If the car was repossessed 6 months ago, the HP company should of sold it by now. Any difference in the sales price versus the amount outstanding on the loan plus costs will be due by you. Same situation in the UK as far as I know.


----------



## caffers (20 Jun 2008)

Thanks, but I dont live in Ireland anymore, my residencey is the UK, the bank repo-ed the car in Ireland, it was an Irish bank. I know of many a man leaving these shores due to non payment of tax - english going to ireland and or vice versa ect :0)


----------



## mathepac (20 Jun 2008)

There are also UK-based debt collection companies working for Irish-based firms attempting to collect debts in Ireland.

Why would the same debt collectors not try to collect debts in England?


----------



## mercman (20 Jun 2008)

The laws between Ireland and the Uk changed about three yeats ago and amongst many things persons can be extradited between both countries for Tax evasion. If they are able to find you which they have done, they will press for the debt. Sorry for the bad news but you are better finding out now before it's to late.


----------



## lorna (21 Jun 2008)

dont understand why you think you should not pay ?  what if we all took this approach ? dump our debts and just disappear, too much of this going on so good luck to the debt collectors and tough luck to you, mate.


----------



## eileen alana (21 Jun 2008)

lorna said:


> dont understand why you think you should not pay ? what if we all took this approach ? dump our debts and just disappear, too much of this going on so good luck to the debt collectors and tough luck to you, mate.


 

True, OP has to face up to his responsibilities.


----------



## caffers (22 Jun 2008)

when I joined this website I was looking for professional help and advice, I'd read a few past comments and I decided to join. All this has been is a chance for people who 'think' that they have the right to criticize and judge me. You dont know me and you certinley dont know my background or circumstances. things can change overnight and they do, somebody who has everything can suddenly, through no fault of their own, end up with nothing, but thats life, you just have to pick yourself up and get on with it. So to the people out their who sit behind their screens who probably think that it is their 'right' to respond to my blog, then please dont bother, my family and close friends can criticize me, but complete strangers, I think not.
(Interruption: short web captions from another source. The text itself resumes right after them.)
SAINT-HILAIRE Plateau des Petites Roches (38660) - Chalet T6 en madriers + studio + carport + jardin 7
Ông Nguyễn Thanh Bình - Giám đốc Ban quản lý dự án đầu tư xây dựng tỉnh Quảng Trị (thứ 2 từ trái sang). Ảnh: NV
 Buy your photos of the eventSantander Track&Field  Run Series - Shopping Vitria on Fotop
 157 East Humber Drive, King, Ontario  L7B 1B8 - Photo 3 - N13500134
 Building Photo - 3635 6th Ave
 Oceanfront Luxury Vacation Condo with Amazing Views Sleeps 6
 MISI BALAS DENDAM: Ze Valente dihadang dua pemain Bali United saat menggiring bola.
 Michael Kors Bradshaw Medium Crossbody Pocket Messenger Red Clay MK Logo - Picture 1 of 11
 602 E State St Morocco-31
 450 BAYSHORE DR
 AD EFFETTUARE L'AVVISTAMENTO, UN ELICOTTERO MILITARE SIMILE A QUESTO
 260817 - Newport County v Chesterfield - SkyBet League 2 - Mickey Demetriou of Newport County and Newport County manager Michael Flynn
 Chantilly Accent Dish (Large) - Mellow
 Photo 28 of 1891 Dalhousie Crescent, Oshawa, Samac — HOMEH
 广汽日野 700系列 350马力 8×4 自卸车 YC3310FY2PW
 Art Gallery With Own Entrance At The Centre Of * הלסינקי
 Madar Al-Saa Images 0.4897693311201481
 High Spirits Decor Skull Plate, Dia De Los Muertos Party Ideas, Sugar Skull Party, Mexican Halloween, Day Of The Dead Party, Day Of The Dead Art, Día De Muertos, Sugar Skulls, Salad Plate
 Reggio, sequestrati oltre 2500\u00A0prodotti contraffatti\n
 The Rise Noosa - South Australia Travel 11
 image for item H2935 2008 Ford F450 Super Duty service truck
If you havent got any professional or legal advice, then get a life, and go and play elsewhere, because its not funny nor is it big, but then again you probably dont get out much nor do you have a life ! and dont bother posting stupid reponses.


----------



## dine (22 Jun 2008)

Good on you!.  I came across this site too in the early hours looking for advice.  It looks like its a great site overall with genuine concern shown. Nobody can cast stones as to how our life circumstances change overnight.   They can and they do.  One minute you think you have it all, the next, its a different story.  I hope things work out for you and you get it sorted.


----------



## Guest120 (22 Jun 2008)

caffers said:


> when I joined this website I was looking for professional help and advice, I'd read a few past comments and I decided to join. All this has been is a chance for people who 'think' that they have the right to criticize and judge me. You dont know me and you *certinley *dont know my background or circumstances. things can change overnight and they do, somebody who has everything can suddenly, through no fault of their own, end up with nothing, but thats life, you just have to pick yourself up and get on with it. So to the people out their who sit behind their screens who probably think that it is their 'right' to respond to my blog, then please dont bother, my family and close friends can criticize me, but complete strangers, I think not.
> 
> If you *havent *got any professional or legal advice, then get a life, and go and play elsewhere, because its not funny nor is it big, but then again you probably dont get out much nor do you have a life ! and dont bother posting stupid *reponses*.


What a rant.

Yawn.


----------



## rmelly (22 Jun 2008)

Bluetonic said:


> What a rant.
> 
> Yawn.


 
I think these 2 posters have a point, HOWEVER regardless of how banks account for or write off bad debts, it's the other customers of the same institution that ultimately foot the bill, through slightly higher rates etc.


----------



## Guest120 (22 Jun 2008)

rmelly said:


> I think these 2 posters have a point, HOWEVER regardless of how banks account for or write off bad debts, it's the other customers of the same institution that ultimately foot the bill, through slightly higher rates etc.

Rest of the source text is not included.